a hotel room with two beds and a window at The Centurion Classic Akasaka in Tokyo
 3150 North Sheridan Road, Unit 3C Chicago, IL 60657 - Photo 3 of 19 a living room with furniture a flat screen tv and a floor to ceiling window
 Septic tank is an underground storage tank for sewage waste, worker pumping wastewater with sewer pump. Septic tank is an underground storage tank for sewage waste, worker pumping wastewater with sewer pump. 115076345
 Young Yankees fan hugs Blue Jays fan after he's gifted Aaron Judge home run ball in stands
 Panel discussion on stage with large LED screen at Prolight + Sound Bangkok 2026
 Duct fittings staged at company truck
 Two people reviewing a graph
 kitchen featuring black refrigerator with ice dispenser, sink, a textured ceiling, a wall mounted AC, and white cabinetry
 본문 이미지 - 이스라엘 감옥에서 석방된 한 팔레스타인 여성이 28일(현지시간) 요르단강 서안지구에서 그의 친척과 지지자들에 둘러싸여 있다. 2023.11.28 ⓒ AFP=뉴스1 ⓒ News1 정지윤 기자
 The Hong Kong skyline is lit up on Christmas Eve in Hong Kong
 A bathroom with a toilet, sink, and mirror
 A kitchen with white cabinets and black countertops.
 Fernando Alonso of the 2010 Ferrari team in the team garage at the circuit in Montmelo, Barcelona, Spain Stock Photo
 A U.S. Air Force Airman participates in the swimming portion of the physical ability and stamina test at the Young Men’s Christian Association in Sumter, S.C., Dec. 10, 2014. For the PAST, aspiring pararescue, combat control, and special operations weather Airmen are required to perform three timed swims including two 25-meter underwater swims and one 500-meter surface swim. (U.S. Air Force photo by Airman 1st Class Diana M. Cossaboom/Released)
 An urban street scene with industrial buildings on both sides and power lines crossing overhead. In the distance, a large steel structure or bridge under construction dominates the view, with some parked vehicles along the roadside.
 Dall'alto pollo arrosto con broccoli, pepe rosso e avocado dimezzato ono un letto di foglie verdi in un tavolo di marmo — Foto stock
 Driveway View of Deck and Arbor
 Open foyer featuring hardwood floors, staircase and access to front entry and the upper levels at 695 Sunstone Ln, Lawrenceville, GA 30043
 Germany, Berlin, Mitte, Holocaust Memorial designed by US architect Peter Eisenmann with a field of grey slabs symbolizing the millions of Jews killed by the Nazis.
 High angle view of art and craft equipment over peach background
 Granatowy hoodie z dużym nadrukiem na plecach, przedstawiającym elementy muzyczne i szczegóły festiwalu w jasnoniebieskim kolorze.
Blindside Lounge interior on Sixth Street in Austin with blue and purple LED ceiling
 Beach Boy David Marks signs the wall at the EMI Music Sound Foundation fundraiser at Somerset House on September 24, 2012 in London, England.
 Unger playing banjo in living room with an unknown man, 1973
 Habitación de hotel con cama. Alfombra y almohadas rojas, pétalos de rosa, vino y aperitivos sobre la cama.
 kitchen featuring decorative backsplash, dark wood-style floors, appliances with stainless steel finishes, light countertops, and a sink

> _AIM OF THE EXERCISE_
Reproduce the entries exactly, but only from their first line to the line holding "Germany, Berlin, Mitte, Holocaust", with that last line kept.

> _RESPONSE_
a hotel room with two beds and a window at The Centurion Classic Akasaka in Tokyo
 3150 North Sheridan Road, Unit 3C Chicago, IL 60657 - Photo 3 of 19 a living room with furniture a flat screen tv and a floor to ceiling window
 Septic tank is an underground storage tank for sewage waste, worker pumping wastewater with sewer pump. Septic tank is an underground storage tank for sewage waste, worker pumping wastewater with sewer pump. 115076345
 Young Yankees fan hugs Blue Jays fan after he's gifted Aaron Judge home run ball in stands
 Panel discussion on stage with large LED screen at Prolight + Sound Bangkok 2026
 Duct fittings staged at company truck
 Two people reviewing a graph
 kitchen featuring black refrigerator with ice dispenser, sink, a textured ceiling, a wall mounted AC, and white cabinetry
 본문 이미지 - 이스라엘 감옥에서 석방된 한 팔레스타인 여성이 28일(현지시간) 요르단강 서안지구에서 그의 친척과 지지자들에 둘러싸여 있다. 2023.11.28 ⓒ AFP=뉴스1 ⓒ News1 정지윤 기자
 The Hong Kong skyline is lit up on Christmas Eve in Hong Kong
 A bathroom with a toilet, sink, and mirror
 A kitchen with white cabinets and black countertops.
 Fernando Alonso of the 2010 Ferrari team in the team garage at the circuit in Montmelo, Barcelona, Spain Stock Photo
 A U.S. Air Force Airman participates in the swimming portion of the physical ability and stamina test at the Young Men’s Christian Association in Sumter, S.C., Dec. 10, 2014. For the PAST, aspiring pararescue, combat control, and special operations weather Airmen are required to perform three timed swims including two 25-meter underwater swims and one 500-meter surface swim. (U.S. Air Force photo by Airman 1st Class Diana M. Cossaboom/Released)
 An urban street scene with industrial buildings on both sides and power lines crossing overhead. In the distance, a large steel structure or bridge under construction dominates the view, with some parked vehicles along the roadside.
 Dall'alto pollo arrosto con broccoli, pepe rosso e avocado dimezzato ono un letto di foglie verdi in un tavolo di marmo — Foto stock
 Driveway View of Deck and Arbor
 Open foyer featuring hardwood floors, staircase and access to front entry and the upper levels at 695 Sunstone Ln, Lawrenceville, GA 30043
 Germany, Berlin, Mitte, Holocaust Memorial designed by US architect Peter Eisenmann with a field of grey slabs symbolizing the millions of Jews killed by the Nazis.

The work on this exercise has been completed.